One of the most high-profile cases is at the University of Kansas. Last month, the Kansas board of regents approved a two-year policy that would allow the state’s six public universities to more easily suspend and fire employees, including tenured academics. Five of the institutions said that they did not plan to implement the policy, but the University of Kansas is considering it.

Meanwhile, four academics at Canisius College in New York state, who were told that their employment contracts would be terminated at the end of this academic year because of expected budget deficits, are taking legal action after rejecting severance packages. The lawsuit argues that the college violated its faculty handbook in several ways, including failing to declare any “financial exigency”.
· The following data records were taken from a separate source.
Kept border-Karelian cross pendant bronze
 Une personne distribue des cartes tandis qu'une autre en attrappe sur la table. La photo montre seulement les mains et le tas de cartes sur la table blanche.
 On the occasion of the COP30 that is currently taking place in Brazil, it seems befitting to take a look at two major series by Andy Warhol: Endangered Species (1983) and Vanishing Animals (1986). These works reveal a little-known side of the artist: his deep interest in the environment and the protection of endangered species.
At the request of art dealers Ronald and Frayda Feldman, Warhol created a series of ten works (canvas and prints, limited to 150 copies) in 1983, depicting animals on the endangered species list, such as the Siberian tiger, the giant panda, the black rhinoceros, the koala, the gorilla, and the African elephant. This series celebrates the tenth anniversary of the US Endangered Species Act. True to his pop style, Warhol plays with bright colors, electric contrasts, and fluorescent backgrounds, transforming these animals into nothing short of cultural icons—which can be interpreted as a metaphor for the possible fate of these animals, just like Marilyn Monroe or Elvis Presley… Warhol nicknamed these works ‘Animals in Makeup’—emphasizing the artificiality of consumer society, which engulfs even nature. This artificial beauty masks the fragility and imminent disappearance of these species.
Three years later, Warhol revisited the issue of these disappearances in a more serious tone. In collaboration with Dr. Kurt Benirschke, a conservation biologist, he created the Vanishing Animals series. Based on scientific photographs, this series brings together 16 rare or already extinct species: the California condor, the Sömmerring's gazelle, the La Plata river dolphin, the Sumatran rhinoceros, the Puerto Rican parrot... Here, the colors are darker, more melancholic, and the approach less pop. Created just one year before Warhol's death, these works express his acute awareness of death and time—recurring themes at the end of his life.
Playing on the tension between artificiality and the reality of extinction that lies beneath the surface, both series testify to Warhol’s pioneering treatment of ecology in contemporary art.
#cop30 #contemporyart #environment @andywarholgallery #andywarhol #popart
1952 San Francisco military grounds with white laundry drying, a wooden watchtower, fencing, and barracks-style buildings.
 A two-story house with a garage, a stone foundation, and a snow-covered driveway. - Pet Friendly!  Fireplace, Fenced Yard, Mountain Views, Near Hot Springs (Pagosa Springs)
Tenured scholars can typically only be dismissed if this is declared, or if they engage in serious misconduct or their department is cut.

Professor Tiede said that there was no incentive for institutions to officially announce that they had abolished their tenure systems, but this was happening in essence given that “tenure is nothing but the protections offered in these policies against lay-offs”.

He said he feared that the firing of tenured staff would be compounded by the majority of any new appointments being hired on non-tenure-track positions. The share of full-time tenured and tenure-track faculty members in the US had already been falling steadily pre-pandemic, with less than a third of scholars in the country on one of those two contracts in 2019-20, down from more than half in the 1970s, according to the AAUP’s latest report.

Professor Tiede added that while institutions have framed the policy changes as temporary responses to the financial challenges of Covid, they pose “longer-term threats”.

“There are reasons to think that over the next several years other types of financial difficulties will arise in US higher education,” he said.

“The more faculty are off the tenure track, more and more of them have to worry about what they say in the classrooms and what they say in their publications that could offend people. Certainly students’ education suffers and research accomplishments that our society at large depends on will be curtailed.”

Ronald Ehrenberg, Irving M. Ives professor of industrial and labour relations and economics at Cornell University and director of the Cornell Higher Education Research Institute, said that the lay-offs were generally happening in small, poorly funded private colleges and public regional universities.

“The bottom line is when we come to the end of the pandemic, the share of faculty on tenure and tenure-track appointments will certainly be diminished more,” he said.

“At liberal arts colleges, the things that attract students are the teaching faculty and the curriculum. But if the teaching faculty don’t have permanent connections to the university, it’s not clear that the strength of the teaching programmes can continue.”